## Work item
Line by line, give the data again exactly as it appears, but without pictures.

## Provided data
********************

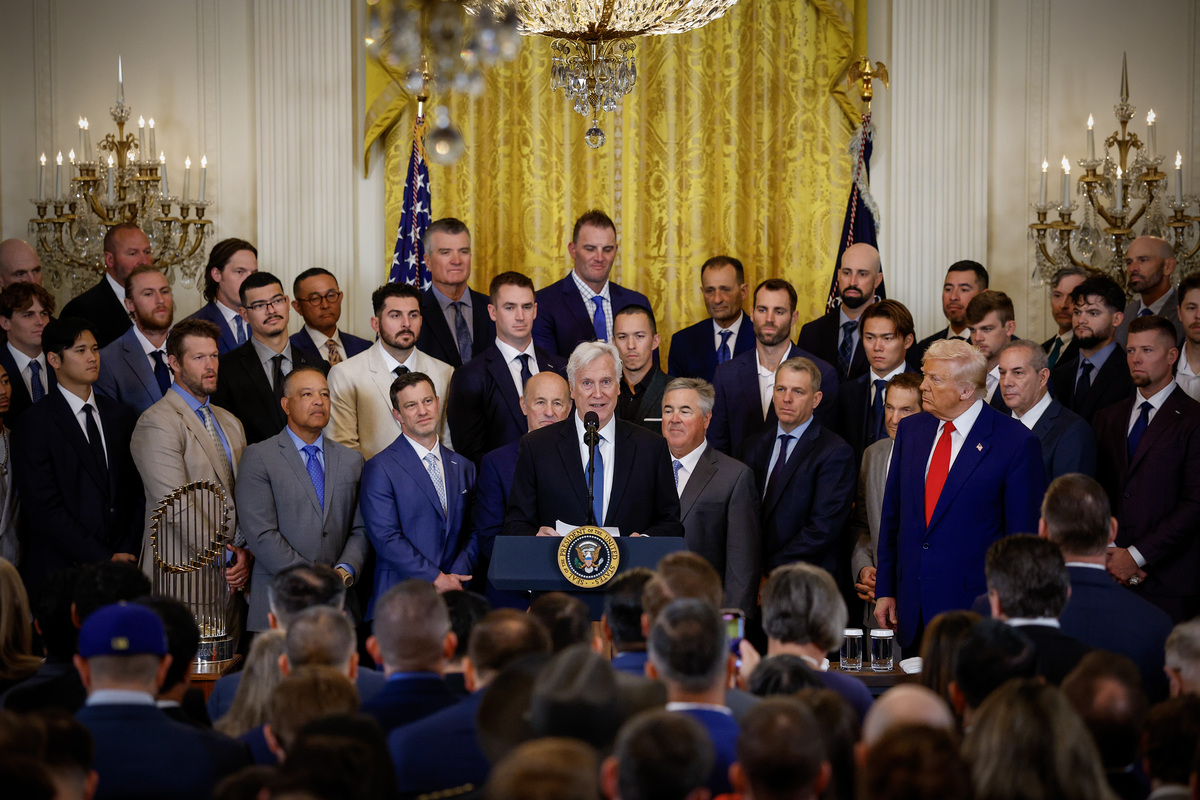 WASHINGTON, DC - APRIL 07: Los Angeles Dodgers Owner and Chairman Mark Walter (C), accompanied by U.S. President Donald Trump (R), speaks as Trump hosts the 2024 World Series champions in the East Room of the White House on April 07, 2025 in Washington, DC. The Los Angeles Dodgers defeated the New York Yankees with a 7-6 victory in Game 5. (Photo by Kevin Dietsch/Getty Images)
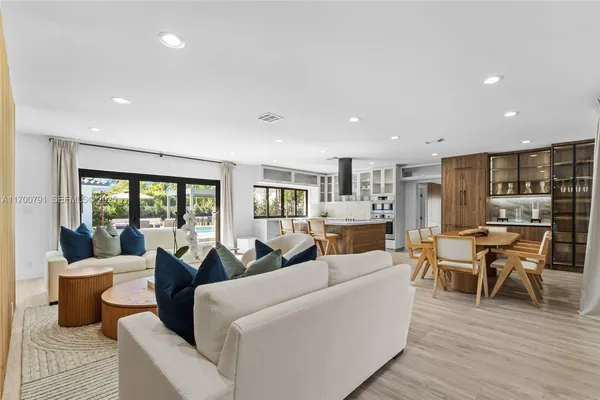 a living room with furniture and a table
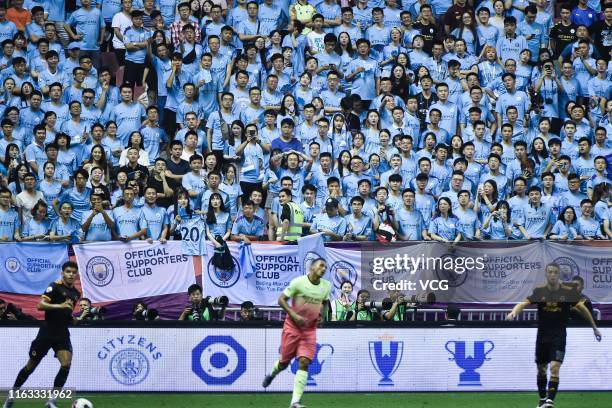 Fans of Manchester City cheer during the Premier League Asia Trophy final match between Manchester City and Wolverhampton Wanderers at Hongkou...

********************

## Result for this task
 WASHINGTON, DC - APRIL 07: Los Angeles Dodgers Owner and Chairman Mark Walter (C), accompanied by U.S. President Donald Trump (R), speaks as Trump hosts the 2024 World Series champions in the East Room of the White House on April 07, 2025 in Washington, DC. The Los Angeles Dodgers defeated the New York Yankees with a 7-6 victory in Game 5. (Photo by Kevin Dietsch/Getty Images)
 a living room with furniture and a table
 Fans of Manchester City cheer during the Premier League Asia Trophy final match between Manchester City and Wolverhampton Wanderers at Hongkou...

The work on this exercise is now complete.